It Comes At Night is a brilliantly intelligent, atmospheric delight, however hard-core horror fans seeking gore, action and fast-zombies will likely be sorely disappointed with this slow-burning, psychological horror flick.
The film opens with a cabin in the woods (thankfully the only horror cliche you’ll find in the whole run-time), and the rather unceremonious mercy-killing of Grandfather ‘Bud’ – an elderly gentleman visibly inflicted with what is only named in the film as a ‘sickness’. Straight off the bat the concept of the film as a comfortably familiar one – a mysterious, plague-like sickness has inflicted the population and we follow the trials and tribulations of a small band of survivors. However, It Comes At Night is as far from comfortable or familiar.
From the very beginning, with the harsh dispatching and disposing of poor Grandpa, the audience is made aware that this is a film that will – if nothing else – make you feel uncomfortable. The no-nonsense marketing of the movie prior to it’s release (you’ll probably have spotted the arresting poster with nothing on it but a red door and the title) should have been an immediate clue to the type of horror film this aspires to be. Far from the large-scale productions of ‘similar’ (I use this word loosely) recent films of the genre – think Contagion or even World War Z – It Comes At Night is a quiet horror movie that aims to unsettle and unnerve rather than terrify its audience.
“Shults cleverly explores what would happen if we stripped back the societal bonds that force us together and were left with nothing but the starkness of instinctual survival.”

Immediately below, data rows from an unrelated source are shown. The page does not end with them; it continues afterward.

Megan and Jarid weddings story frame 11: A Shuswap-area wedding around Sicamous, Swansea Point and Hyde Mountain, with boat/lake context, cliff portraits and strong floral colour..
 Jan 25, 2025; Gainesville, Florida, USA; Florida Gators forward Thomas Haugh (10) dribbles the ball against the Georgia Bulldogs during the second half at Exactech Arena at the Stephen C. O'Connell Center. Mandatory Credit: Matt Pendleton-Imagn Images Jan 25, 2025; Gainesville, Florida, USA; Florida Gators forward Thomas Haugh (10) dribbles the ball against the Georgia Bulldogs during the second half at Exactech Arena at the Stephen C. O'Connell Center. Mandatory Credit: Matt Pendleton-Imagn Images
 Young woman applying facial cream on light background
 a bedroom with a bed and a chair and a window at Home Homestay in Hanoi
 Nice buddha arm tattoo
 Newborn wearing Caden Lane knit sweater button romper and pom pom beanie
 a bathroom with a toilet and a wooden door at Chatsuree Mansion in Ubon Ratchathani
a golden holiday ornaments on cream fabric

Director Trey Edward Shults crafts as much a character-study as a traditional horror movie, drawing together two desperate families in a desolate woodland outpost hiding from an unknown outside threat, and depicting the inevitable breakdown in order. Much of the fear for the audience comes as much from what is not seen than what is actually shown on screen – and I’m sure I’ll save many a movie-goer from wasting their money if I say now that if CGI monsters are what you’re hoping for, this is perhaps not the film for you. That’s not to say there isn’t the occasional tasteful jump-scare, but the true horror of It Comes At Night comes from the human threat, and the lengths we will go to to protect our own. Shults cleverly explores what would happen if we stripped back the societal bonds that force us together and were left with nothing but the starkness of instinctual survival.
The only real issues with the film stem from irritating ‘dream sequences’ that continuously interrupt an otherwise succinct narrative. These are those moments where a main character encounters some gruesome terrifying ghoul, only to wake up in a cold sweat and realising, to the audience’s exasperation, that the whole thing never even happened. One cannot escape the feeling that these abstract segments were merely filler, and an excuse to add jump-scares and gore in a plot that otherwise doesn’t call for it. Dream sequences such as these are rarely used effectively, yet persist to be a cliche in almost every recent horror movie; used for it’s easy ‘shock’ value and to add minutes to the run time. In the case of It Comes At Night, as with so many other horror movies that rely on this trope, these dreams simply intrude on the plot without adding anything to the overall story, and ultimately comes off as frustratingly contrived.
Regardless of a few minor faults, It Comes At Night remains a refreshing addition to the genre and as a whole offers an ‘epidemic’ movie that doesn’t feel like it is covering old ground. For this reason alone, it is certainly worth a watch – whether you are a horror fan or not.